Aave Asks NY Court to Unfreeze $71M on Arbitrum
Aave asked a New York federal court to unfreeze about $71 million on Arbitrum recovered after the Kelp DAO rsETH exploit, saying the funds belong to users, not North Korea.
Aave filed a memorandum Monday in a U.S. federal court in New York asking the judge to unfreeze roughly 30,766 ETH, about $71 million, that Arbitrum’s Security Council froze after an April exploit of Kelp DAO’s rsETH staking product. The company asked the court to lift the restraining order or require the plaintiffs who sought the freeze to post a bond of at least $300 million if the freeze remains in place.
The April incident involved an attacker who manipulated a cross-chain token transfer mechanism, minted fake rsETH and used those tokens to borrow about $290 million from lending markets.
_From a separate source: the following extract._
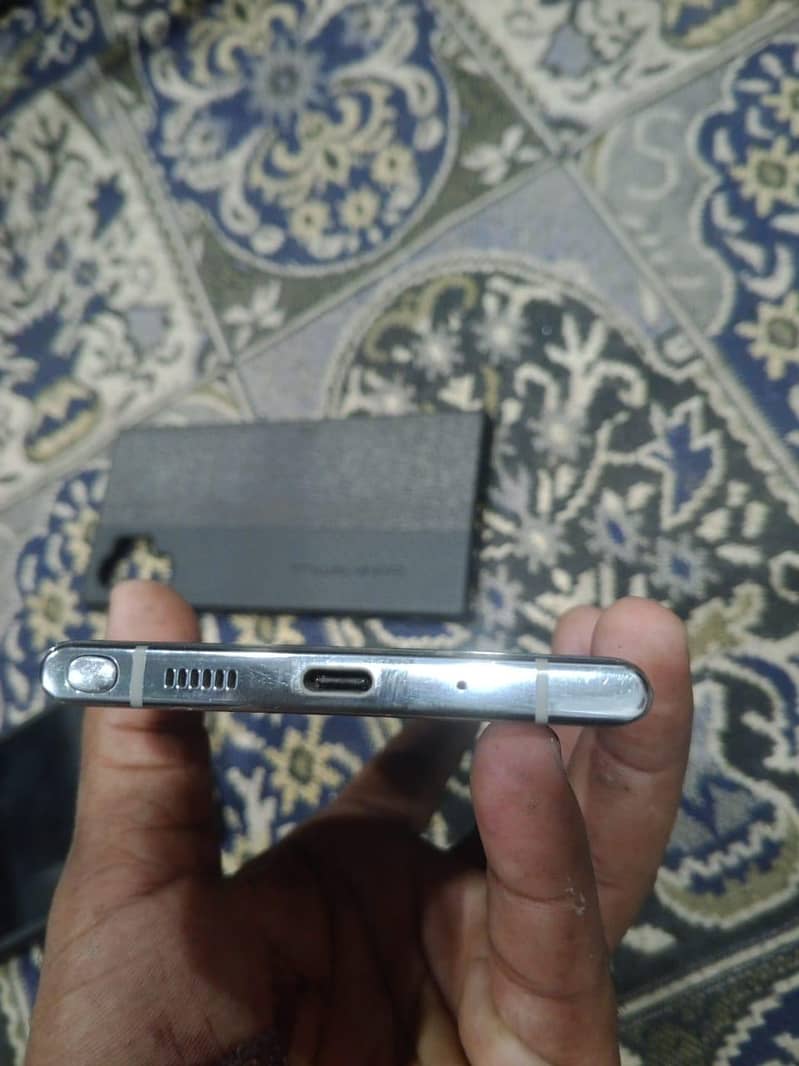 Samsung Mobile Note 10 Plus 5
Arbitrum’s Security Council intervened and placed the linked ETH under governance control pending resolution.
Plaintiffs in the case hold long-standing, unpaid judgments against North Korea and contend the exploiter was likely linked to the Lazarus Group. They argue the frozen assets can be treated as property of North Korea and seized to satisfy their judgments.
Aave’s filing disputes that characterization and frames the funds as belonging to protocol users who were victims of the exploit. The filing stated that plaintiffs’ claims “may well be righteous,” but rejected using a court order to restrain and seize assets that the filing described as belonging to innocent third parties.
The filing also raised a procedural objection, questioning whether Arbitrum DAO can be treated as a legal entity that can be properly served with a restraining notice.
After the exploit, members of the Aave and Arbitrum communities and other decentralized finance projects formed a coordinated recovery effort called DeFi United. That effort raised more than $300 million from participants including ConsenSys, Lido, Compound and the Avalanche Foundation to help restore rsETH value and cover losses from the hack.
Aave told the court the freeze is complicating recovery work and increasing market stress. The company said users rushed to withdraw funds after the exploit, liquidity in key lending pools dropped and some depositors were unable to access holdings. Aave argued the frozen ETH are needed to stabilize markets and return value to affected users.
Plaintiffs’ attorneys disputed Aave’s account, writing that the restraining notice against Arbitrum DAO was not issued to aid recovery efforts and “does the opposite.”
The case raises questions about ownership of recovered on-chain assets and whether courts can divert funds gathered by blockchain communities after a hack to satisfy unrelated creditor claims. The litigation also asks whether a decentralized autonomous organization can be treated as a party in court and how courts should handle on-chain assets that have been restrained or placed under governance control.